START ENTRIES SHOWN

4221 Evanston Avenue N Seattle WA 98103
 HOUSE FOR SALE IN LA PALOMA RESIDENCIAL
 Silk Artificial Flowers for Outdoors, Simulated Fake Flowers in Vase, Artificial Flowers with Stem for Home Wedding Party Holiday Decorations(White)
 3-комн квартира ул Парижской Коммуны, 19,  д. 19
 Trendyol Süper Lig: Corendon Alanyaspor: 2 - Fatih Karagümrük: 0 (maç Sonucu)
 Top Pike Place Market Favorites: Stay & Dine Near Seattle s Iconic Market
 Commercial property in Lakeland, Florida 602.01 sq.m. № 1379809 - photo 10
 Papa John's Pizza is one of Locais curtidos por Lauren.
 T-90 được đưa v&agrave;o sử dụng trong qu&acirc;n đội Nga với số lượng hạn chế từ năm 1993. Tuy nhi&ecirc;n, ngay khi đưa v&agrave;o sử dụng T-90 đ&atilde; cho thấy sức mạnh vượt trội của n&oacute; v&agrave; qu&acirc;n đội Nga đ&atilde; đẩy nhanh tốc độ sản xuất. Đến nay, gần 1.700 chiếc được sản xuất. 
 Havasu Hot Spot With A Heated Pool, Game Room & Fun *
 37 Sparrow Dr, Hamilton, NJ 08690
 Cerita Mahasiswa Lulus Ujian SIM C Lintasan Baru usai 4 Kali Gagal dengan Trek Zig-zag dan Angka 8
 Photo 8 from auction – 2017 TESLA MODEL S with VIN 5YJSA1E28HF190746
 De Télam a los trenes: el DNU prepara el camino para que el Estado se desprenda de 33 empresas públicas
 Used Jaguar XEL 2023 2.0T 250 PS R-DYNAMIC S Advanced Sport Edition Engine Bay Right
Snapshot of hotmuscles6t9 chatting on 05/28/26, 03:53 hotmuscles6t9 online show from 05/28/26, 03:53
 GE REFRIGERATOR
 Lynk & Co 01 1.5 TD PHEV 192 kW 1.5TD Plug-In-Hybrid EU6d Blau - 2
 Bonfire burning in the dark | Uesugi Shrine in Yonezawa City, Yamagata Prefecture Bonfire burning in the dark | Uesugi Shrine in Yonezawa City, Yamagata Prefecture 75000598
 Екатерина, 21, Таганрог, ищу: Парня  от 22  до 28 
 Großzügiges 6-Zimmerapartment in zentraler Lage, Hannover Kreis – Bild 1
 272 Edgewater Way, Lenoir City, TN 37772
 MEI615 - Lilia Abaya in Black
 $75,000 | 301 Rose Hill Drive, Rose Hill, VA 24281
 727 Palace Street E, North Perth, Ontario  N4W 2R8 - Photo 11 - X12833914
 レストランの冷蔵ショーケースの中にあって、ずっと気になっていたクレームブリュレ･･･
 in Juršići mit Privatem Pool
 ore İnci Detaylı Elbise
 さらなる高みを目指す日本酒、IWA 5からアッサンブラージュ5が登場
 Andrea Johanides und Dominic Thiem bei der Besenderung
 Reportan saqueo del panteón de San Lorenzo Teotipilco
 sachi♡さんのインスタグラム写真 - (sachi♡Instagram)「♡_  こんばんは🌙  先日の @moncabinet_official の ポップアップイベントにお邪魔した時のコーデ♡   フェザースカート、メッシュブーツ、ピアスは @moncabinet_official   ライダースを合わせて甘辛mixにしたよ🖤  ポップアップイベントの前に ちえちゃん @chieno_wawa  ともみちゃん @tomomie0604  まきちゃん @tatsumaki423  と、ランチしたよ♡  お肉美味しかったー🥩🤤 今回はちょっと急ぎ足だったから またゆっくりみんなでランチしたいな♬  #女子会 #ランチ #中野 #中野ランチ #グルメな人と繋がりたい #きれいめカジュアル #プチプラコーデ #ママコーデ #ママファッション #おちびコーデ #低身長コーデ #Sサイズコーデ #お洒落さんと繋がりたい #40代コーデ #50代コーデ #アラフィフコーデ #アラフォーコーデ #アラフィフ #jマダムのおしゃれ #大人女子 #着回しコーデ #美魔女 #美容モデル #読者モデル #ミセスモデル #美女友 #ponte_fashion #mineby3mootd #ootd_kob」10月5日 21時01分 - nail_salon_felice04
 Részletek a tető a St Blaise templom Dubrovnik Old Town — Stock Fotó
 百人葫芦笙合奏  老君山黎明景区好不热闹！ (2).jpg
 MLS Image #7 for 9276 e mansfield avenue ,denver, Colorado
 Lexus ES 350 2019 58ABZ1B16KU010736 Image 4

END ENTRIES SHOWN

With nothing omitted, set down all of the records again.

## RESULT BELOW:
4221 Evanston Avenue N Seattle WA 98103
 HOUSE FOR SALE IN LA PALOMA RESIDENCIAL
 Silk Artificial Flowers for Outdoors, Simulated Fake Flowers in Vase, Artificial Flowers with Stem for Home Wedding Party Holiday Decorations(White)
 3-комн квартира ул Парижской Коммуны, 19,  д. 19
 Trendyol Süper Lig: Corendon Alanyaspor: 2 - Fatih Karagümrük: 0 (maç Sonucu)
 Top Pike Place Market Favorites: Stay & Dine Near Seattle s Iconic Market
 Commercial property in Lakeland, Florida 602.01 sq.m. № 1379809 - photo 10
 Papa John's Pizza is one of Locais curtidos por Lauren.
 T-90 được đưa v&agrave;o sử dụng trong qu&acirc;n đội Nga với số lượng hạn chế từ năm 1993. Tuy nhi&ecirc;n, ngay khi đưa v&agrave;o sử dụng T-90 đ&atilde; cho thấy sức mạnh vượt trội của n&oacute; v&agrave; qu&acirc;n đội Nga đ&atilde; đẩy nhanh tốc độ sản xuất. Đến nay, gần 1.700 chiếc được sản xuất. 
 Havasu Hot Spot With A Heated Pool, Game Room & Fun *
 37 Sparrow Dr, Hamilton, NJ 08690
 Cerita Mahasiswa Lulus Ujian SIM C Lintasan Baru usai 4 Kali Gagal dengan Trek Zig-zag dan Angka 8
 Photo 8 from auction – 2017 TESLA MODEL S with VIN 5YJSA1E28HF190746
 De Télam a los trenes: el DNU prepara el camino para que el Estado se desprenda de 33 empresas públicas
 Used Jaguar XEL 2023 2.0T 250 PS R-DYNAMIC S Advanced Sport Edition Engine Bay Right
Snapshot of hotmuscles6t9 chatting on 05/28/26, 03:53 hotmuscles6t9 online show from 05/28/26, 03:53
 GE REFRIGERATOR
 Lynk & Co 01 1.5 TD PHEV 192 kW 1.5TD Plug-In-Hybrid EU6d Blau - 2
 Bonfire burning in the dark | Uesugi Shrine in Yonezawa City, Yamagata Prefecture Bonfire burning in the dark | Uesugi Shrine in Yonezawa City, Yamagata Prefecture 75000598
 Екатерина, 21, Таганрог, ищу: Парня  от 22  до 28 
 Großzügiges 6-Zimmerapartment in zentraler Lage, Hannover Kreis – Bild 1
 272 Edgewater Way, Lenoir City, TN 37772
 MEI615 - Lilia Abaya in Black
 $75,000 | 301 Rose Hill Drive, Rose Hill, VA 24281
 727 Palace Street E, North Perth, Ontario  N4W 2R8 - Photo 11 - X12833914
 レストランの冷蔵ショーケースの中にあって、ずっと気になっていたクレームブリュレ･･･
 in Juršići mit Privatem Pool
 ore İnci Detaylı Elbise
 さらなる高みを目指す日本酒、IWA 5からアッサンブラージュ5が登場
 Andrea Johanides und Dominic Thiem bei der Besenderung
 Reportan saqueo del panteón de San Lorenzo Teotipilco
 sachi♡さんのインスタグラム写真 - (sachi♡Instagram)「♡_  こんばんは🌙  先日の @moncabinet_official の ポップアップイベントにお邪魔した時のコーデ♡   フェザースカート、メッシュブーツ、ピアスは @moncabinet_official   ライダースを合わせて甘辛mixにしたよ🖤  ポップアップイベントの前に ちえちゃん @chieno_wawa  ともみちゃん @tomomie0604  まきちゃん @tatsumaki423  と、ランチしたよ♡  お肉美味しかったー🥩🤤 今回はちょっと急ぎ足だったから またゆっくりみんなでランチしたいな♬  #女子会 #ランチ #中野 #中野ランチ #グルメな人と繋がりたい #きれいめカジュアル #プチプラコーデ #ママコーデ #ママファッション #おちびコーデ #低身長コーデ #Sサイズコーデ #お洒落さんと繋がりたい #40代コーデ #50代コーデ #アラフィフコーデ #アラフォーコーデ #アラフィフ #jマダムのおしゃれ #大人女子 #着回しコーデ #美魔女 #美容モデル #読者モデル #ミセスモデル #美女友 #ponte_fashion #mineby3mootd #ootd_kob」10月5日 21時01分 - nail_salon_felice04
 Részletek a tető a St Blaise templom Dubrovnik Old Town — Stock Fotó
 百人葫芦笙合奏  老君山黎明景区好不热闹！ (2).jpg
 MLS Image #7 for 9276 e mansfield avenue ,denver, Colorado
 Lexus ES 350 2019 58ABZ1B16KU010736 Image 4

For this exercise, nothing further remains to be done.